_Prompt:_
Please return every line in the following data that includes the string "Christmas".
── Source data ──
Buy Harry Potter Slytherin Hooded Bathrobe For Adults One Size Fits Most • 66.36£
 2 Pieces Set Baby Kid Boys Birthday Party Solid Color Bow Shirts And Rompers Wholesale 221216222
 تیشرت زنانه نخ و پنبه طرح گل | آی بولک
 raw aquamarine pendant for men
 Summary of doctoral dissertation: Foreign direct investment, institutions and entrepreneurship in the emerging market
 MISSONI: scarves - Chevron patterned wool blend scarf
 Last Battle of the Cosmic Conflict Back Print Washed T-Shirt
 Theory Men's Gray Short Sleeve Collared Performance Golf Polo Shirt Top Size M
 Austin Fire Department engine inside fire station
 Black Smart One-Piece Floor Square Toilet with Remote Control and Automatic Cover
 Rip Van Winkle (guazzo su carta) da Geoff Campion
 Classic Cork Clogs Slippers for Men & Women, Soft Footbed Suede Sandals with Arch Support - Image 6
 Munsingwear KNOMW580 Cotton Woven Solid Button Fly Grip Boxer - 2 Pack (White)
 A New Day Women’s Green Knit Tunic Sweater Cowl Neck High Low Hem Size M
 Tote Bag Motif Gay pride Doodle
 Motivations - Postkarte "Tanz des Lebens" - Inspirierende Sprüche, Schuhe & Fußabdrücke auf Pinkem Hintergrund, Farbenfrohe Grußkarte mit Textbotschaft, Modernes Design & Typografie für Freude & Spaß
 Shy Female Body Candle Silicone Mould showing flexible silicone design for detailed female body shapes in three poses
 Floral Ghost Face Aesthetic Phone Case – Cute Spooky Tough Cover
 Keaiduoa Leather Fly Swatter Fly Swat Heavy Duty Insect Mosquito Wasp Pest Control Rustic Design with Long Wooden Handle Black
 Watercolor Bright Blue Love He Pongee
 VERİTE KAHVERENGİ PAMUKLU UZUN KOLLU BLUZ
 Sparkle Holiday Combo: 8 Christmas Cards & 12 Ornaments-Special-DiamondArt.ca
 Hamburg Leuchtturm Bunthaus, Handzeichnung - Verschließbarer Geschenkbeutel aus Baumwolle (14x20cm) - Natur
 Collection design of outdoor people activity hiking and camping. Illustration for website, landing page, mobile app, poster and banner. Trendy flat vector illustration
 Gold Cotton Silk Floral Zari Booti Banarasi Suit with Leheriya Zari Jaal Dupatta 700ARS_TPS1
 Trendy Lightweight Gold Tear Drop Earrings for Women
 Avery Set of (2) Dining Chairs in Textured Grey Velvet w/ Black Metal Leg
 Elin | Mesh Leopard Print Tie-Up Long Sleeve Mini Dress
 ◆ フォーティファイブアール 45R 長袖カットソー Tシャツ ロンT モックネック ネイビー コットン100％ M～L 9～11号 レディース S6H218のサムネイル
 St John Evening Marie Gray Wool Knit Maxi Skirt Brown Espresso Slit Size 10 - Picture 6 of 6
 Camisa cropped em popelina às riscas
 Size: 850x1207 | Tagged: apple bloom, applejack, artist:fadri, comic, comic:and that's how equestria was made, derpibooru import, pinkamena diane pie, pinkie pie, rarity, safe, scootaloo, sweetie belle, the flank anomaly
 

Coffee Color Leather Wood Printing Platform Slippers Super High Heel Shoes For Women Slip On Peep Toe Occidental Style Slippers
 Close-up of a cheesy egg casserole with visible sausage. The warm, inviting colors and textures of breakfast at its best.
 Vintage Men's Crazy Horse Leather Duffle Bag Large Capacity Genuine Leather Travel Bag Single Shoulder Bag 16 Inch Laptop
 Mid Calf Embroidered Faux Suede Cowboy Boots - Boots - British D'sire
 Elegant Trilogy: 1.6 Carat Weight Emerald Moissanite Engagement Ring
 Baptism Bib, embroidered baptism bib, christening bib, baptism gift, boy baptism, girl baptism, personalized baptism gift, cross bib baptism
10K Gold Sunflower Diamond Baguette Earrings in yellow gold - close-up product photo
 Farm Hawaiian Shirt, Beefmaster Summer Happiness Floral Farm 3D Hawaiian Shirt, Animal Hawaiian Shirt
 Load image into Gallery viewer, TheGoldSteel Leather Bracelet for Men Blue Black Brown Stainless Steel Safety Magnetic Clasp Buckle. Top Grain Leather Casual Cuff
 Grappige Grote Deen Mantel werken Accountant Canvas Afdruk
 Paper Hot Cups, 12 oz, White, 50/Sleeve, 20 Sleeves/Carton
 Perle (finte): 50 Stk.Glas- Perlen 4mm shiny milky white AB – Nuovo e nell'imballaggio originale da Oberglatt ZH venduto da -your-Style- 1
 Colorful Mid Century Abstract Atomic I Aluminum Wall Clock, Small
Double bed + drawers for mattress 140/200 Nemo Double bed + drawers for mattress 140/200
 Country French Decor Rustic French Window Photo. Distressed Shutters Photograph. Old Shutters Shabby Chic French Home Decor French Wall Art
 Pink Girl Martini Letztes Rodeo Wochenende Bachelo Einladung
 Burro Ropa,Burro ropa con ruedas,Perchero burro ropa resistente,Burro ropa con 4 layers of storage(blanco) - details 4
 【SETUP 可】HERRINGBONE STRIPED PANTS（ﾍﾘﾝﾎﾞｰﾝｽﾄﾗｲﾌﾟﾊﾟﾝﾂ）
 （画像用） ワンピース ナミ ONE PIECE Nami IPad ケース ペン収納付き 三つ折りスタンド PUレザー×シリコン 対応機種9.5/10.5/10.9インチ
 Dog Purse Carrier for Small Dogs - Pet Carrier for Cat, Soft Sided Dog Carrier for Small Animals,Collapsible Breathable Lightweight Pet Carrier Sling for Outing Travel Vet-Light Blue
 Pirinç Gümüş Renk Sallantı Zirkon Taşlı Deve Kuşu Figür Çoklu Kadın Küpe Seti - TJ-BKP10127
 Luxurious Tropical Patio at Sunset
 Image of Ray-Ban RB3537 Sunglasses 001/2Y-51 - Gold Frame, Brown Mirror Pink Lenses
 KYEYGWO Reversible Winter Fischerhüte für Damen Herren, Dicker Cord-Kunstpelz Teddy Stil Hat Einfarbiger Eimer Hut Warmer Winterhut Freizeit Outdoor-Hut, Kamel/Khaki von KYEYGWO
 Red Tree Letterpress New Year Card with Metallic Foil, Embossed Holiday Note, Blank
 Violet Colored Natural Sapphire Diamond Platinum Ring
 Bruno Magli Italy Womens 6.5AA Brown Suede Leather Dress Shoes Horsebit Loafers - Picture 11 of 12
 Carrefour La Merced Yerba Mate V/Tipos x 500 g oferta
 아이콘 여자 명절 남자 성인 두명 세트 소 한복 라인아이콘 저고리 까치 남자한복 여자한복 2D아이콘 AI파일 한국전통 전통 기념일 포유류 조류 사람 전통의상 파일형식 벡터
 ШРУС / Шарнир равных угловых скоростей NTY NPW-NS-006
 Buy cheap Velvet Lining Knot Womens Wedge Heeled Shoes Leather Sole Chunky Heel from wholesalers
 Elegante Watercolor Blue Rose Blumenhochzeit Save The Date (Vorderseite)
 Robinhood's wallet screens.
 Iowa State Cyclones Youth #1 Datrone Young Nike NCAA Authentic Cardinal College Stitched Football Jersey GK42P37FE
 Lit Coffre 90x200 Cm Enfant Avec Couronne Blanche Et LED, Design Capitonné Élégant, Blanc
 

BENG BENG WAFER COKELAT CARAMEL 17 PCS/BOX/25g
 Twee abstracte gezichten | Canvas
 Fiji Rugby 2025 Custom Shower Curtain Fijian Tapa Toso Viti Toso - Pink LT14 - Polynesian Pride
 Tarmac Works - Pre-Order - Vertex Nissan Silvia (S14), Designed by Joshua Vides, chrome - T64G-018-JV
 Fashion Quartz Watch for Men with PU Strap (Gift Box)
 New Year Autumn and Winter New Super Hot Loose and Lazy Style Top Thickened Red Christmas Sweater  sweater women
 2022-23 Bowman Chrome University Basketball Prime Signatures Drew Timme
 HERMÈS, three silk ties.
───
_Result below:_
 Sparkle Holiday Combo: 8 Christmas Cards & 12 Ornaments-Special-DiamondArt.ca
 New Year Autumn and Winter New Super Hot Loose and Lazy Style Top Thickened Red Christmas Sweater  sweater women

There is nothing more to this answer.